A bunch of comparisons have to be made on the interpolated frame to

pick the right value for the current pixel. Remember, the

interpolations for the current pixel (d) and the ones directly above

and below (c and e) are based on the current field, while the

predictions for the two outer lines (b and f) are based on the previous

and next fields. Should more weight be attached to the changes over

space, or the changes over time?

First, a maximum diff, max, has to be found. Which has the biggest

change? Going from the current pixel to the one below (spatially down),

from the current to the one above (spatially up), or the smaller of the

differences between the outer 2 lines on the top and bottom (temporally

forwards or backwards)? Then, a minimum diff, min, has to be found.

Which is the smallest change? Going from the current pixel to the one

below, from the current to the one above, or the larger of the

differences between the outer lines on the top and bottom?

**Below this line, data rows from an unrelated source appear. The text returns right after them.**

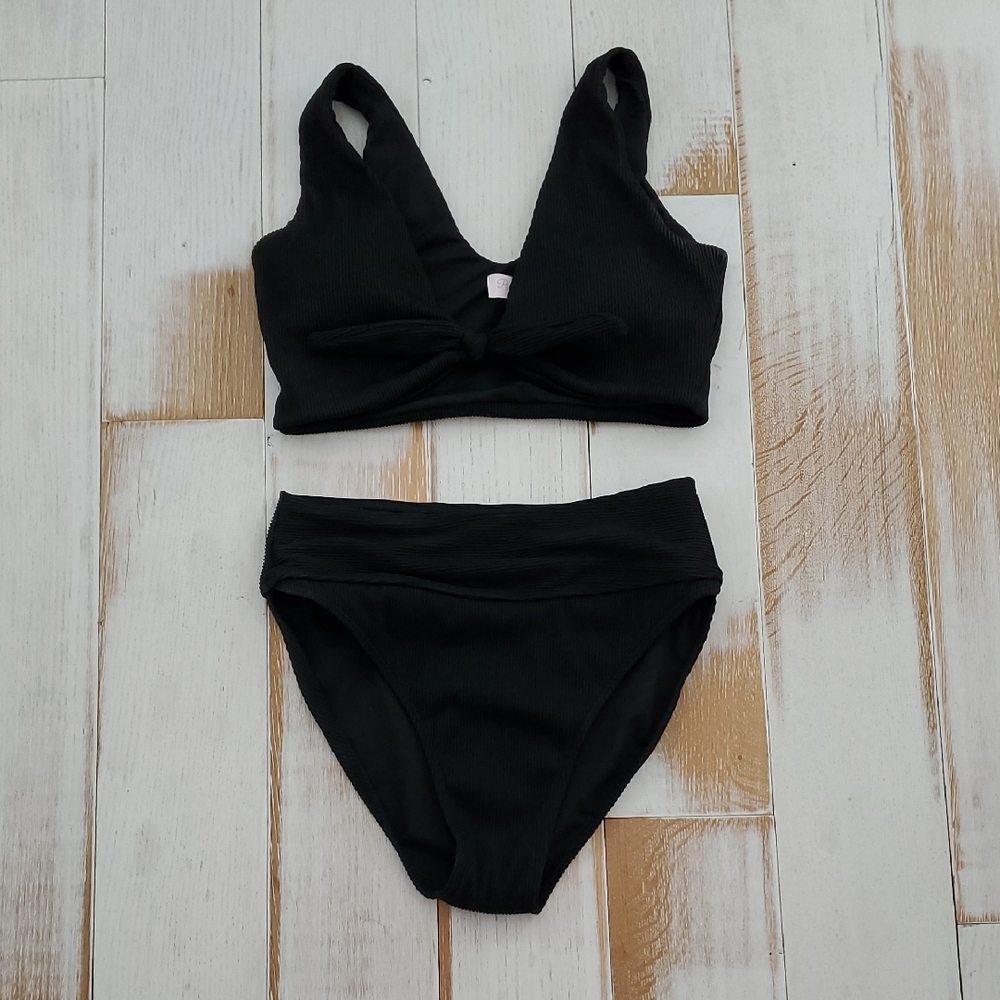 Pink Lily Black Bikini Set Brand New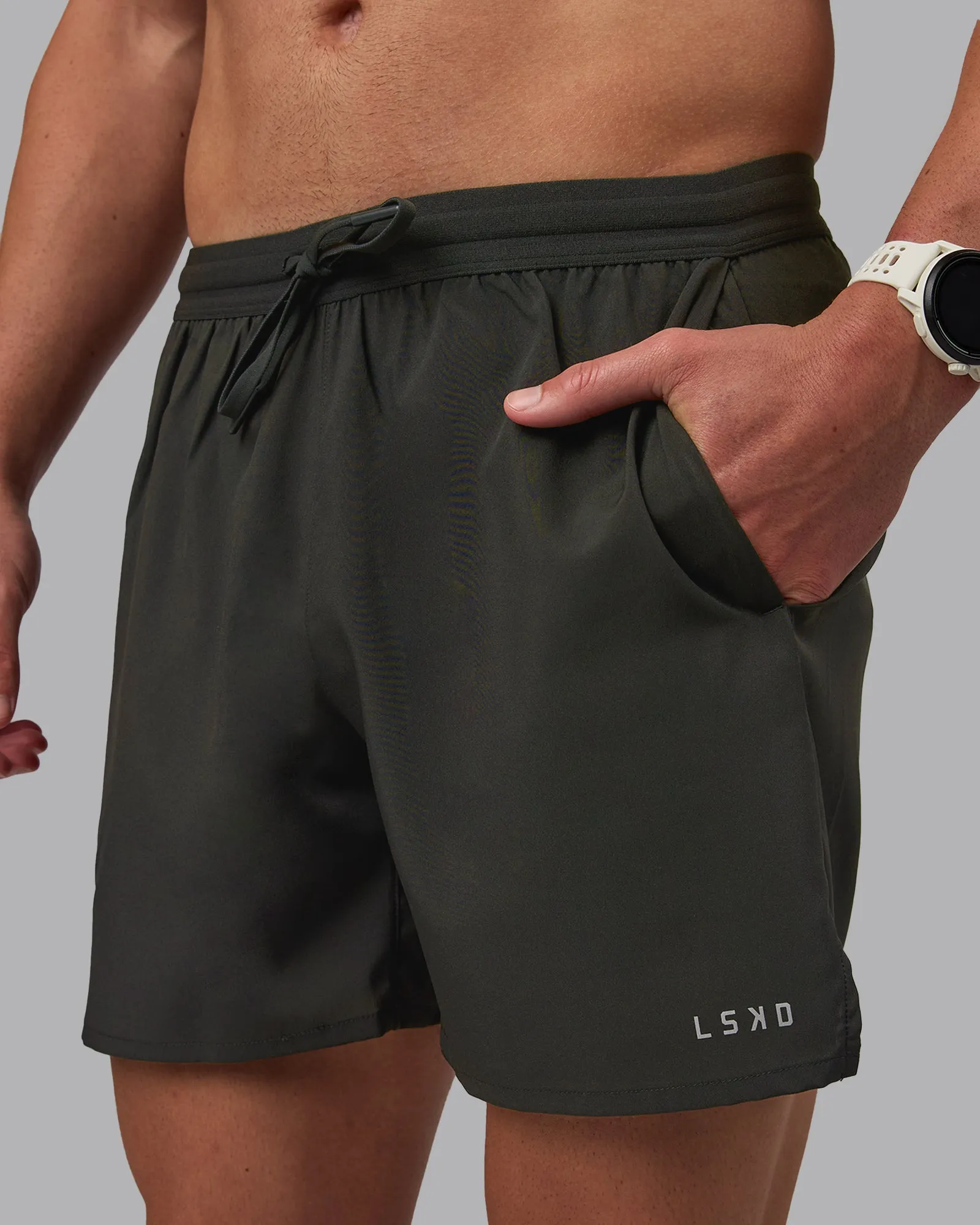 Pace Lined Performance Short  5" - Pirate Black
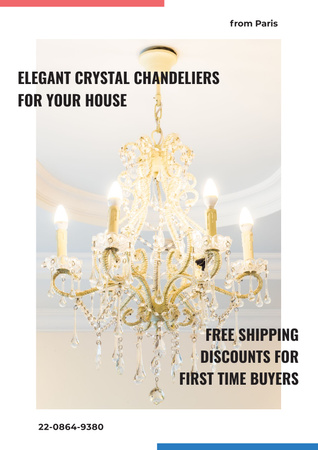 Ontwerpsjabloon van Poster van Elegant crystal Chandeliers Shop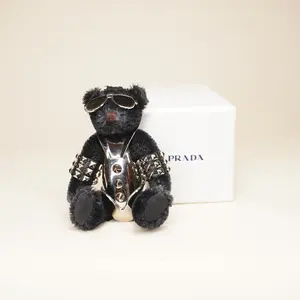 Pre-owned PRADA Fur Bag Accessories Faux Bear Black Bag Charm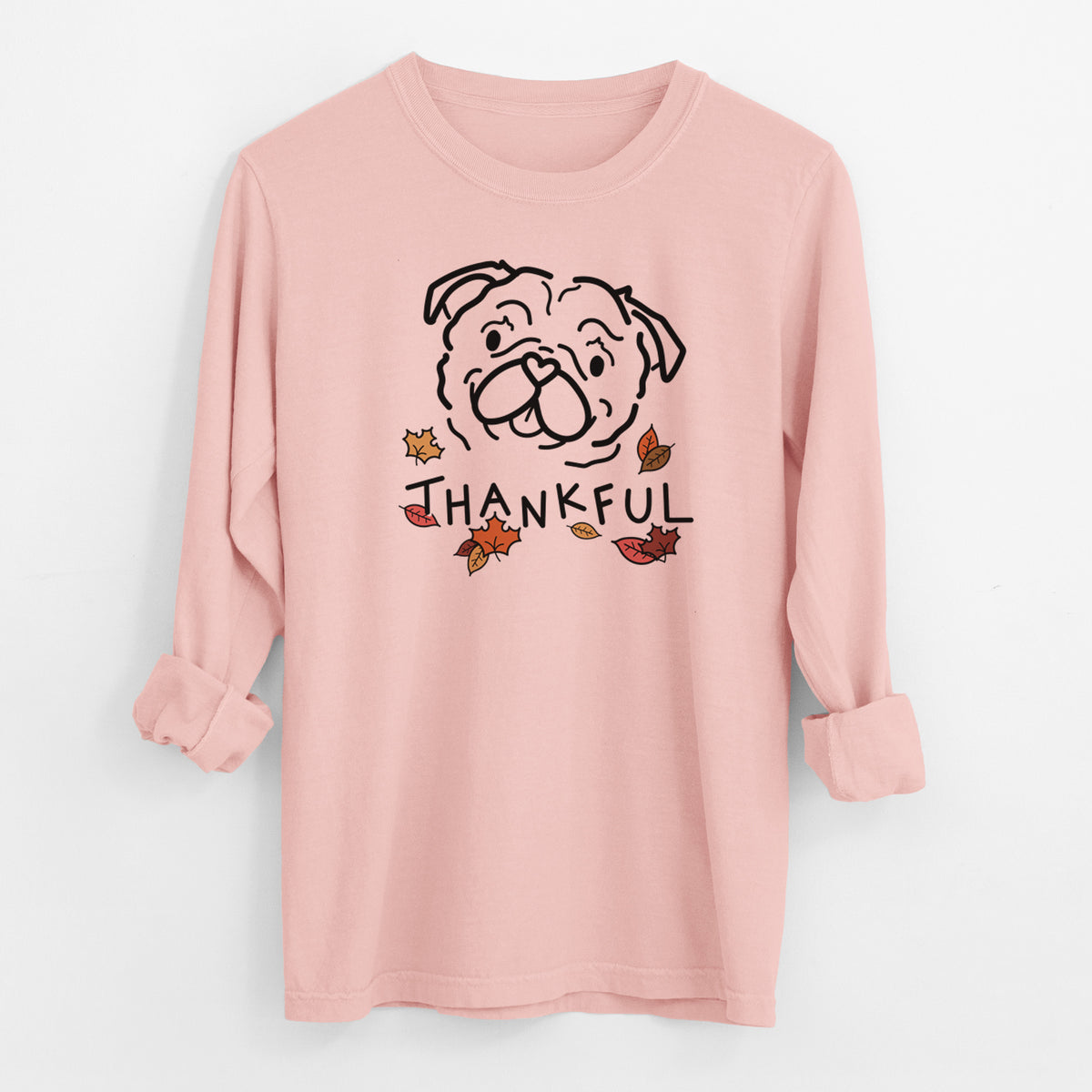 Thankful Pug - Pip - Men's Heavyweight 100% Cotton Long Sleeve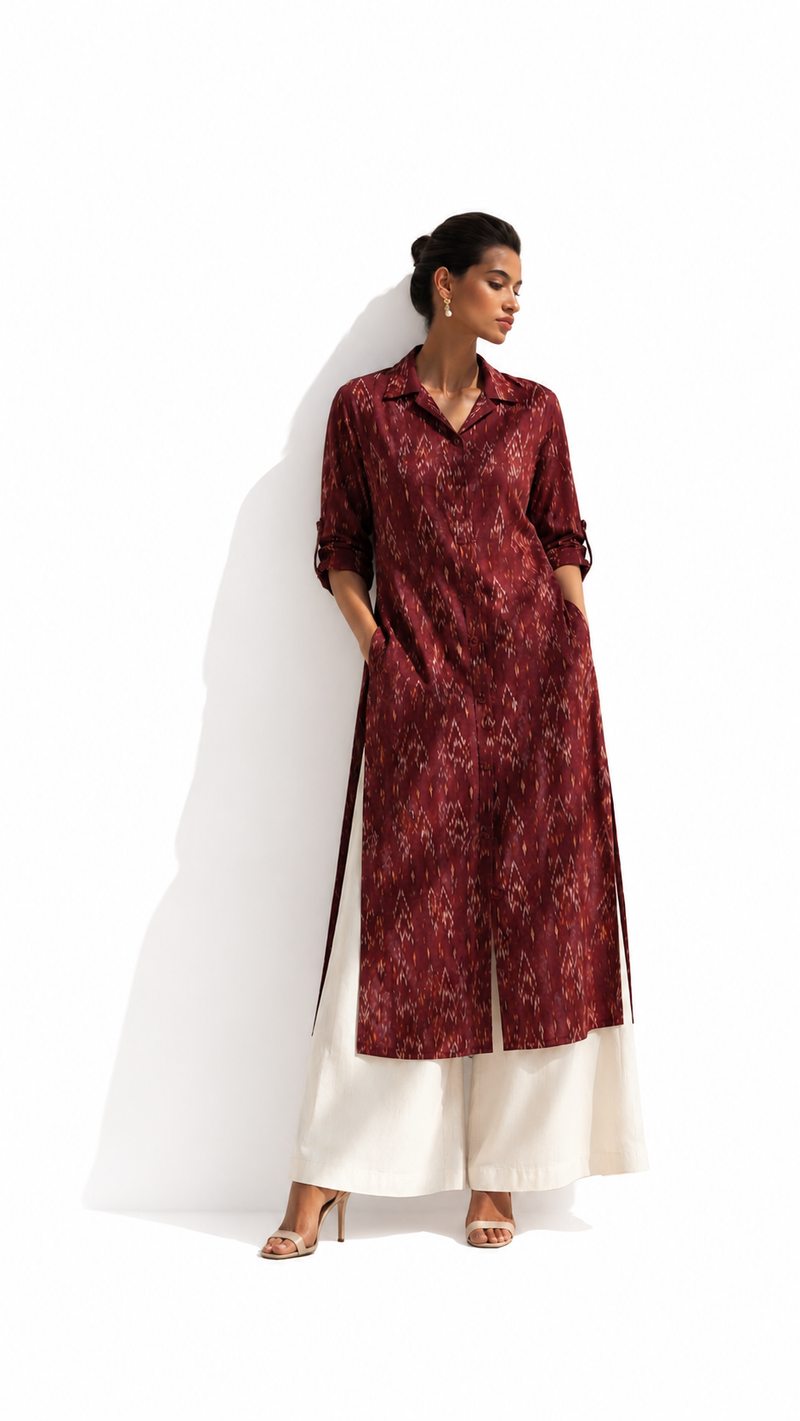 Maroon ikat collar kurta, yarn-dyed before weaving, House of Falguni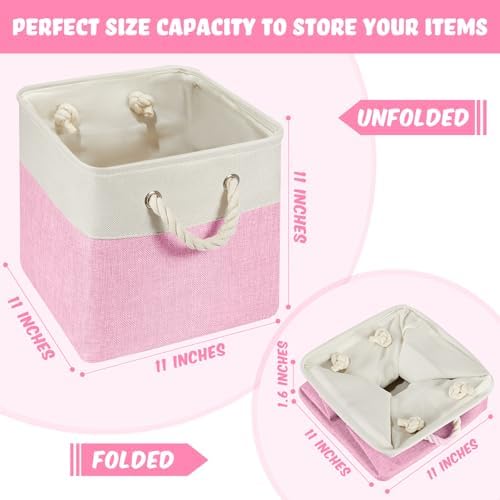 6 Pack 11x11 Inch Cube Storage Bins Fabric Square Cube Baskets, Mermaid - Image 2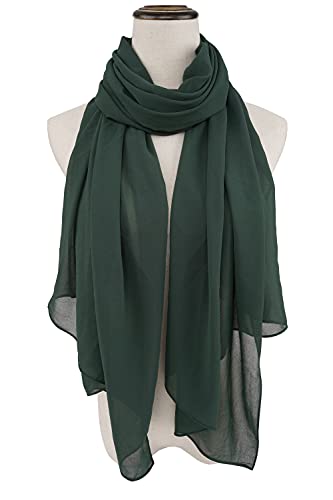 YOUR SMILE for Women Lightweight Breathable Solid Color Soft Chiffon Long Fashion Scarves Sun-proof Shawls Wrap - color: Blackish Green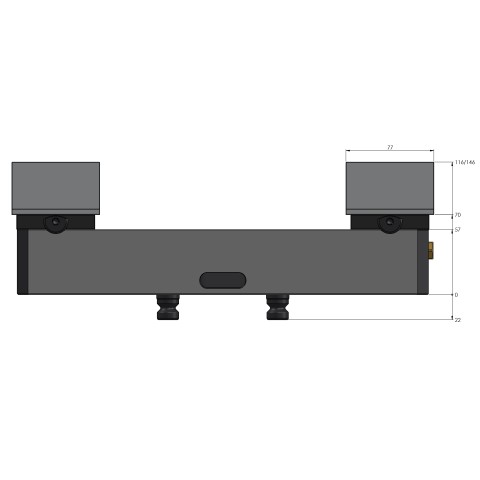 Dessin technique 44355-125: Avanti 125 Etau à serrage doux Largeur des mors 125 mm plage de serrage max. 360 mm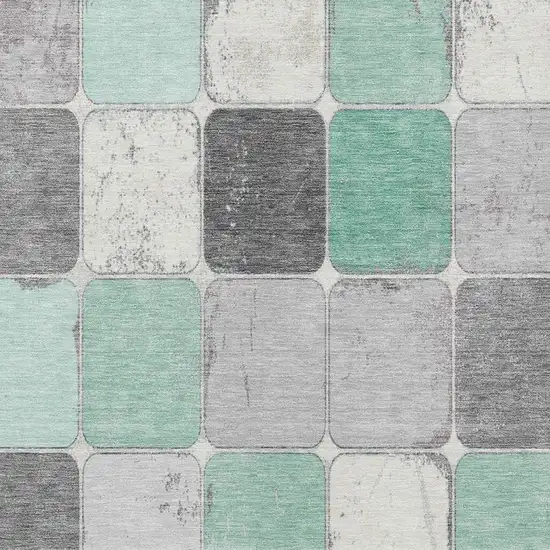 Mint Green And Gray Geometric Washable Indoor Outdoor Area Rug Photo 3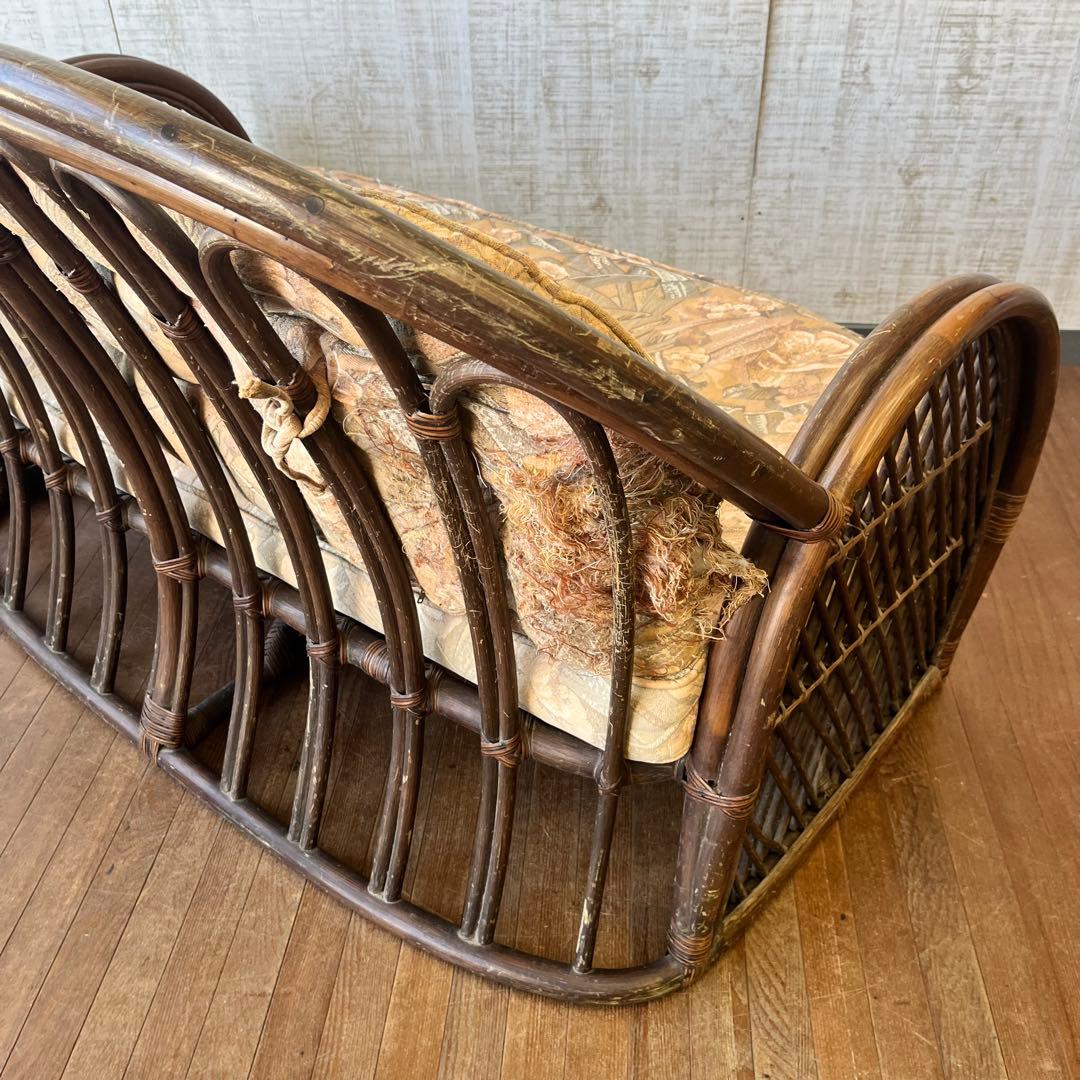 【アンティーク】籐家具 ラタンソファ 2人掛け ラブチェア エスニック 古家具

*Diagram 11: Min and Max diffs*

With that info, a true final diff value can be found. It is the

largest of the three: the existing diff, the minimum change just

calculated, or the inverse of the maximum change just calculated. And

that’s all modes 2 and 3 add on top of modes 0 and 1.

## Final Prediction

The spatial prediction is now tweaked one last time. If the current

prediction is bigger than the interpolated value of d plus the diff,

then the prediction becomes d plus the diff. If the current prediction

is smaller than the interpolated value of d minus the diff, then the

prediction becomes d minus the diff.

That’s it. On to the next pixel, ad nauseam.